- _Exercise prompt_
Your reply should repeat all records verbatim and contain no images.

- _The data_
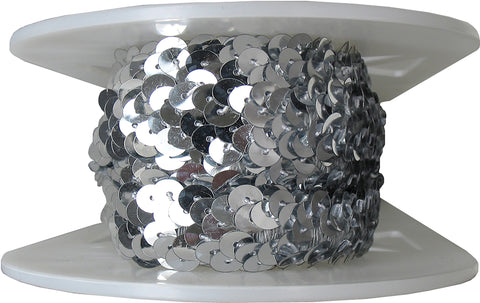 Simplicity Stretch Sequins 7/8"X10yd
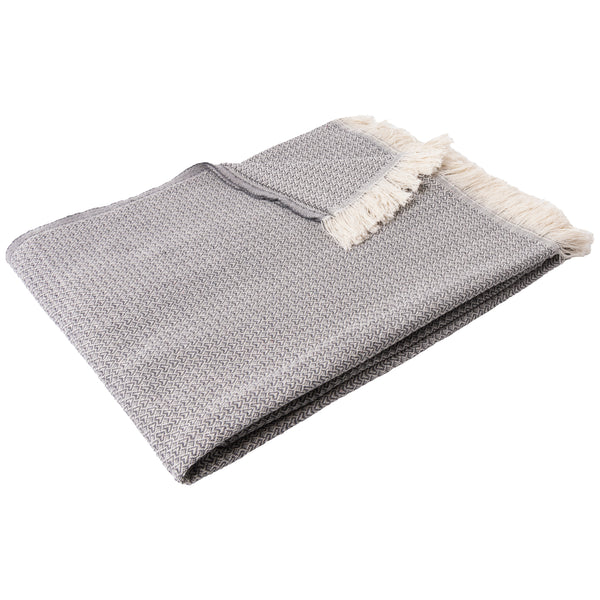 Linolux Plaid Borg Antracite
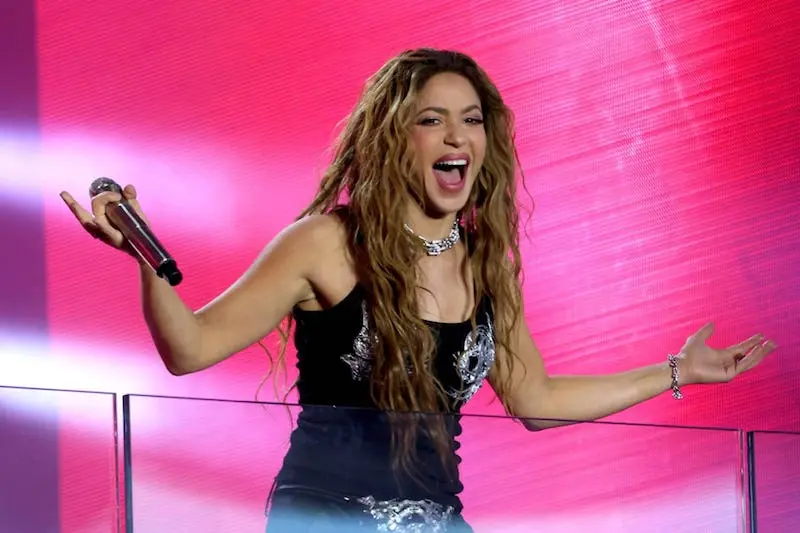 ¿Qué pasó con Shakira?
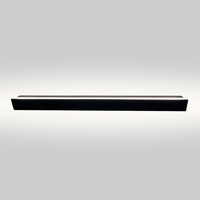 Kinkiet Bodo 60 cm czarny IP54 LED CCT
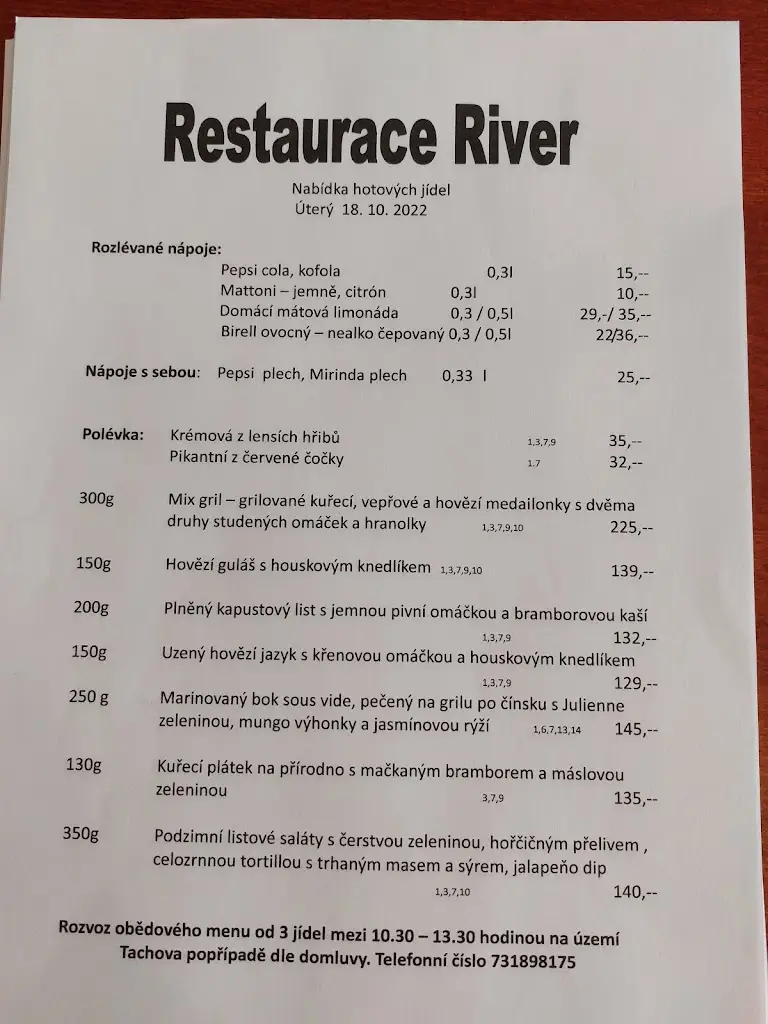 Menu_River_Okres Tachov_image_2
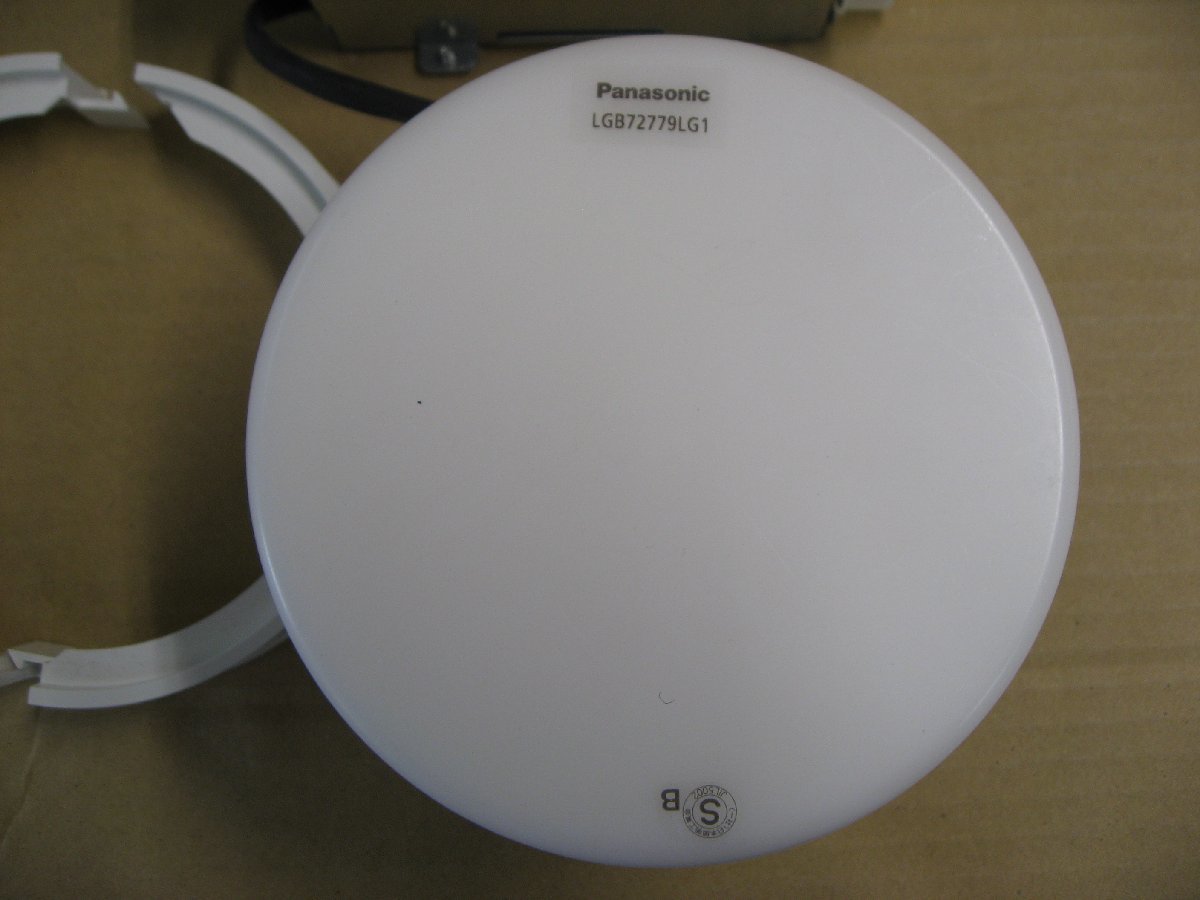【ジャンク品 】【動作未確認】Panasonic(パナソニック) 天井半埋込型　LED（電球色）シーリングライト LGB72779 LG1_画像2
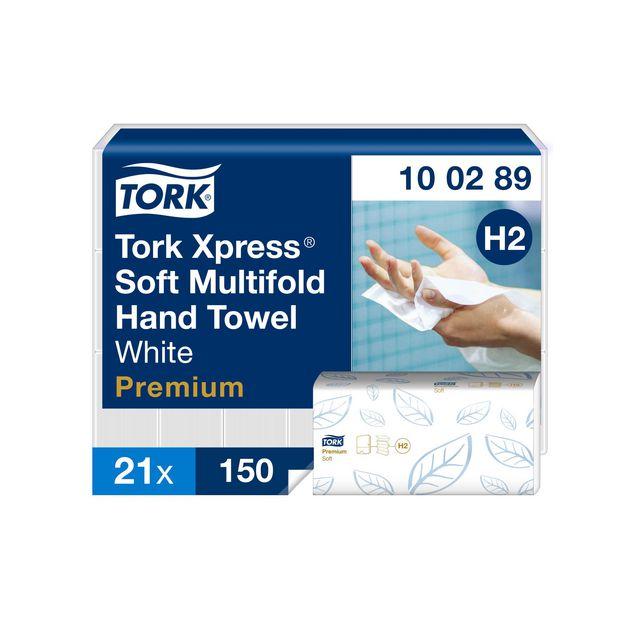 Towel TORK Pre H2 Xpress 3150/pack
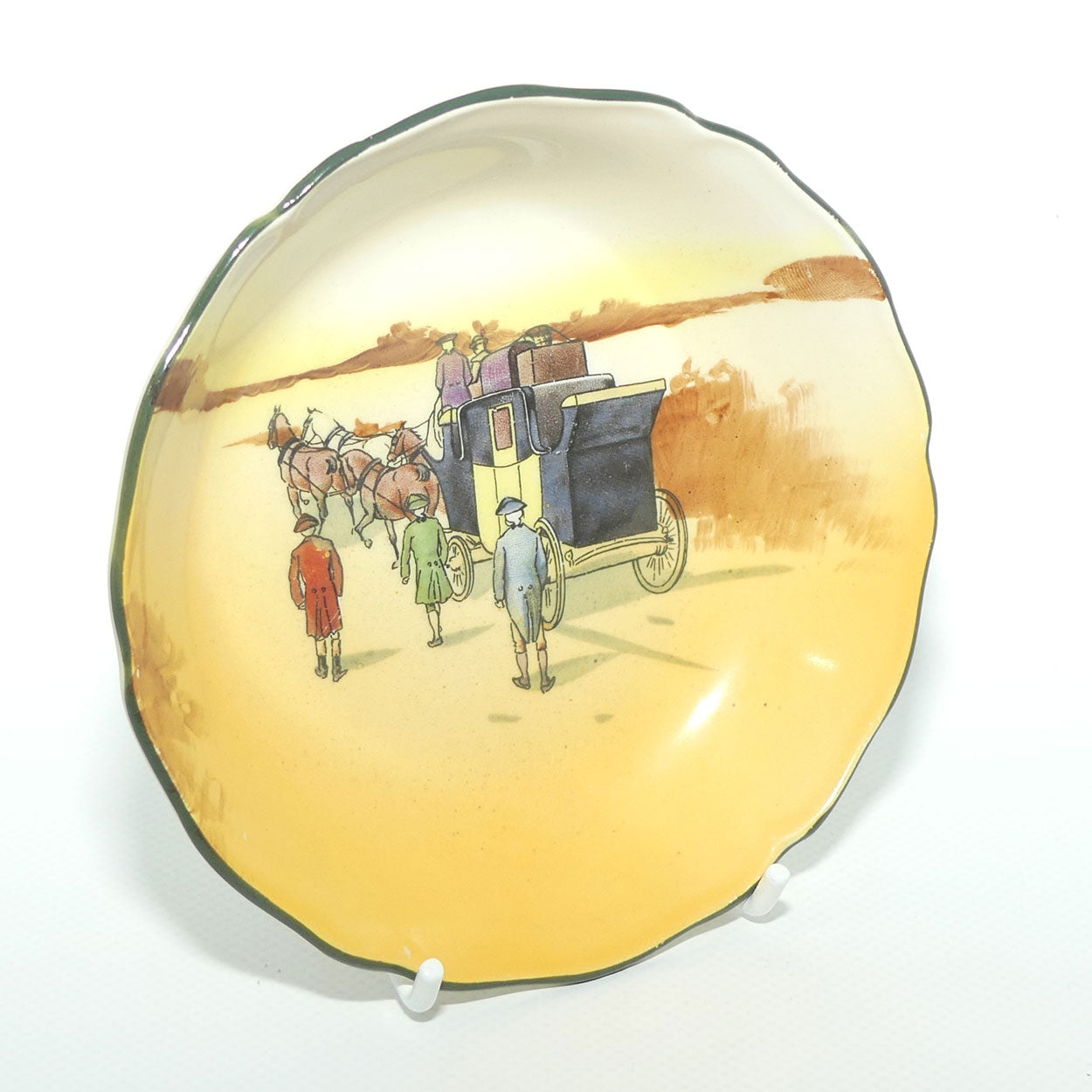 Royal Doulton Coaching Days small bowl | nut dish D2716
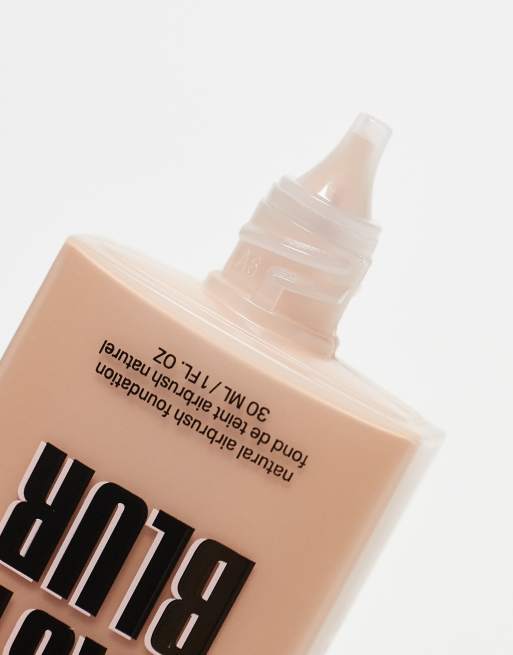 HUDA BEAUTY Easy Blur ファンデーション HUDA BEAUTY】Easy Blur Natural Airbrush Foundationファンデ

- _Task response_
 Simplicity Stretch Sequins 7/8"X10yd
 Linolux Plaid Borg Antracite
 ¿Qué pasó con Shakira?
 Kinkiet Bodo 60 cm czarny IP54 LED CCT
 Menu_River_Okres Tachov_image_2
【ジャンク品 】【動作未確認】Panasonic(パナソニック) 天井半埋込型　LED（電球色）シーリングライト LGB72779 LG1_画像2
 Towel TORK Pre H2 Xpress 3150/pack
 Royal Doulton Coaching Days small bowl | nut dish D2716
 HUDA BEAUTY Easy Blur ファンデーション HUDA BEAUTY】Easy Blur Natural Airbrush Foundationファンデ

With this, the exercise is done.